Turn in: Compressed .cpp file and project documentation.
Submission Instructions:
    • You will submit your work via WebCampus

    • The code file proj5.cpp is already provided and implements a test driver.

    • If you have header file, name it proj5.h

    • If you have class header and source files, name them as the respective class (Vehicle.h Vehicle.cpp Car.h Car.cpp) This source code structure is now mandatory.

    • Compress your:

        1. Source code

        2. Documentation

    • Name the compressed folder: PA#_Lastname_Firstname.zip

([PA] stands for [ProjectAssignment], [#] is the Project number) Ex: PA5_Smith_John.zip


Verify: After you upload your .zip file, re-download it from WebCampus. Extract it, compile it and verify that it compiles and runs on the ECC systems.

    • Code that does not compile will be heavily penalized –may even cost you your entire grade–. Executables that do not work 100% will receive partial grade points.

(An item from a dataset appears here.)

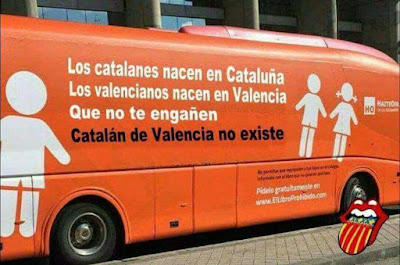 Los catalanes nacen en Cataluña, los valencianos en Comunidad Valenciana, que no te engañen, catalán de Valencia no existe, autobús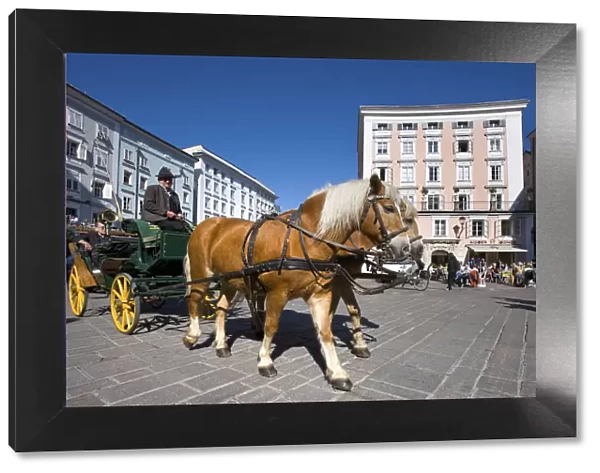 Horse carriage, Fiaker, old market, Salzburg, Salzburg state, Austria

    • It is better to hand in code that compiles and performs partial functionality, rather than broken code. You may use your Documentation file to mention what you could not get to work exactly as you wanted in the given timeframe of the Project.

Late Submission:

A project submission is "late" if any of the submitted files are time-stamped after the due date and time. Projects will be accepted up to 24 hours late, with 20% penalty.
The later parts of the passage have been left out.